- [Provided material]:
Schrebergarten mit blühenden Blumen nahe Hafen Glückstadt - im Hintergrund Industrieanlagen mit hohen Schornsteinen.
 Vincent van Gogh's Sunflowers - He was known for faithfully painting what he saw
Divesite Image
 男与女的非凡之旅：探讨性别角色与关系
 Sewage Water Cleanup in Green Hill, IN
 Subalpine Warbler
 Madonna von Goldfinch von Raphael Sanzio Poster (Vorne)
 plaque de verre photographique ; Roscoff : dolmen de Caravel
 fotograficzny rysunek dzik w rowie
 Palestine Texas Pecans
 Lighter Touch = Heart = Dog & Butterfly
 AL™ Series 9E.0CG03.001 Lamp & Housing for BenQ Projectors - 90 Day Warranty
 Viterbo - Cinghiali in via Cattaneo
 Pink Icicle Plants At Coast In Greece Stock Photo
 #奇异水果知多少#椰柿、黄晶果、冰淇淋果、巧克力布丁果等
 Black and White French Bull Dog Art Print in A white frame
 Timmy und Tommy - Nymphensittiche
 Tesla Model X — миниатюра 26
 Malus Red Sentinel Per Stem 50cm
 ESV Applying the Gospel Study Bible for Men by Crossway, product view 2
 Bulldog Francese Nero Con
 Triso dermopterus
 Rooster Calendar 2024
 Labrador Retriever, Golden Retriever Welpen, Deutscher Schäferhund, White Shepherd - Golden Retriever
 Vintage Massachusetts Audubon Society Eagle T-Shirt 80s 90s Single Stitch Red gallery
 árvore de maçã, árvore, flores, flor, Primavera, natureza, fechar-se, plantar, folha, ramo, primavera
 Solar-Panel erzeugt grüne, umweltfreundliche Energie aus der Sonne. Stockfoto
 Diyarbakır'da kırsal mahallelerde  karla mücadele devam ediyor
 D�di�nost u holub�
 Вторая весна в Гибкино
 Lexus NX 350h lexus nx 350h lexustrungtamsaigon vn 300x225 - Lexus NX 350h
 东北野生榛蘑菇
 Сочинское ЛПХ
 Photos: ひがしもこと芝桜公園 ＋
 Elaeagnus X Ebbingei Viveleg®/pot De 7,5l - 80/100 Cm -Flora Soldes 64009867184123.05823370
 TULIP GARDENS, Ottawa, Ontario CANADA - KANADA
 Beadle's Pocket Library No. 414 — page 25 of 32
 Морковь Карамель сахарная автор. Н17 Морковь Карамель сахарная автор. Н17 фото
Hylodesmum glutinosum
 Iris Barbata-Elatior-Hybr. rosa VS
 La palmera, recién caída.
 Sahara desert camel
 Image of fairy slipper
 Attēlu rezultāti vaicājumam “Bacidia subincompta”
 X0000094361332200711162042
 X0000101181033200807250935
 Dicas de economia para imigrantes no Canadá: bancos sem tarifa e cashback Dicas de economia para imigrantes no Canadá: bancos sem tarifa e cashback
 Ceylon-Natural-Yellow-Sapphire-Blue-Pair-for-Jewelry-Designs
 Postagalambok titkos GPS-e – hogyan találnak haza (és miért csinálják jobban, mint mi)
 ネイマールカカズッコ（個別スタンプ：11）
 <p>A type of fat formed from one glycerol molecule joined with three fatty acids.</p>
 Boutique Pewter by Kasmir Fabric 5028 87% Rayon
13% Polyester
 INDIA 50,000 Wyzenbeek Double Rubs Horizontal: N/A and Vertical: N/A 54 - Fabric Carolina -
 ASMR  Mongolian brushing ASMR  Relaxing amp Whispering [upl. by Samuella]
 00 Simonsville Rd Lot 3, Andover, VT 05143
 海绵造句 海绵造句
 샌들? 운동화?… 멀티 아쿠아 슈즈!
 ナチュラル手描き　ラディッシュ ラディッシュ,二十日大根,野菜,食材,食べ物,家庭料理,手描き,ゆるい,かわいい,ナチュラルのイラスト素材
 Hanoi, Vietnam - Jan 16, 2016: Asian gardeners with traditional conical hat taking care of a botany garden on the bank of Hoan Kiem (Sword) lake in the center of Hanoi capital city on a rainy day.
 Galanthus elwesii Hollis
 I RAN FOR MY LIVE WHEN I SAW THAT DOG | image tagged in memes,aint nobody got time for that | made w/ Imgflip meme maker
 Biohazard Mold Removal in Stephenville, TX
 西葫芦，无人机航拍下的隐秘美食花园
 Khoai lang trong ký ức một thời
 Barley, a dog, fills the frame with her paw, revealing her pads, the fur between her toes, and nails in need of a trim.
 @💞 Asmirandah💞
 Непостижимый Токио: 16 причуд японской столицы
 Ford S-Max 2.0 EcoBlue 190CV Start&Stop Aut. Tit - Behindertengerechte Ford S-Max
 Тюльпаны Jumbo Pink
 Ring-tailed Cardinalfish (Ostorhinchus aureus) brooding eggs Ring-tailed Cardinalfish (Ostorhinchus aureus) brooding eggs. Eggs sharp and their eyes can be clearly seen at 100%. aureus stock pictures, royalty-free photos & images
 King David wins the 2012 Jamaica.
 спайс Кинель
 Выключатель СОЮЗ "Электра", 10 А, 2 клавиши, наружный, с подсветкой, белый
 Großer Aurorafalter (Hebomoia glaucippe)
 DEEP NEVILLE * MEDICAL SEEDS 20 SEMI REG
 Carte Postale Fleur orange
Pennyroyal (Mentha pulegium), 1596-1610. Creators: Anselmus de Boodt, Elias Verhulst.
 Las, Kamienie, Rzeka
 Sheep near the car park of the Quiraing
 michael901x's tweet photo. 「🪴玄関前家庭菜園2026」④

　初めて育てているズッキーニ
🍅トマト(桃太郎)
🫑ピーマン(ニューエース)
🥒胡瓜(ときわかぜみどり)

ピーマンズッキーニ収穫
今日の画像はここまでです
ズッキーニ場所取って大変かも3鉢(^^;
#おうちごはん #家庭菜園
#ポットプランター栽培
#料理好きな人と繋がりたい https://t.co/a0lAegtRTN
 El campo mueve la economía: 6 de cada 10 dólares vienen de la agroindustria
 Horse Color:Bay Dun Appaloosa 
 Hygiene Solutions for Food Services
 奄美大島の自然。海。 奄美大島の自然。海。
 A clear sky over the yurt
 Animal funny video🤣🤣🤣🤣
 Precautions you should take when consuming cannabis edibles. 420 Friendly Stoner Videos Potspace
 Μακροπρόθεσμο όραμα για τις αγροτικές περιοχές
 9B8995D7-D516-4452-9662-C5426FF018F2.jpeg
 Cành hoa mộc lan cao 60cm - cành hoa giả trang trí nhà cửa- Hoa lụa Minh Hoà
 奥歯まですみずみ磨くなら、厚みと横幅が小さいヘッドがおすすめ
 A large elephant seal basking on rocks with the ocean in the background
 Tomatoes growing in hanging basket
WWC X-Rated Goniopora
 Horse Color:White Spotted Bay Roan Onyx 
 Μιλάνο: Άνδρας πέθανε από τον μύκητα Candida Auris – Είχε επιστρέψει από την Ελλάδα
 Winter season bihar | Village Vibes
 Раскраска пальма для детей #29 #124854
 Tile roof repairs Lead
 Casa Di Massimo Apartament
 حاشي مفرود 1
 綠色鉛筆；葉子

- [What you need to do]: The answer must consist solely of the lines from the first line of the data to the line holding "Lighter Touch = Heart = Dog & Butterfly", each given again exactly.

- [Exercise output]:
Schrebergarten mit blühenden Blumen nahe Hafen Glückstadt - im Hintergrund Industrieanlagen mit hohen Schornsteinen.
 Vincent van Gogh's Sunflowers - He was known for faithfully painting what he saw
Divesite Image
 男与女的非凡之旅：探讨性别角色与关系
 Sewage Water Cleanup in Green Hill, IN
 Subalpine Warbler
 Madonna von Goldfinch von Raphael Sanzio Poster (Vorne)
 plaque de verre photographique ; Roscoff : dolmen de Caravel
 fotograficzny rysunek dzik w rowie
 Palestine Texas Pecans
 Lighter Touch = Heart = Dog & Butterfly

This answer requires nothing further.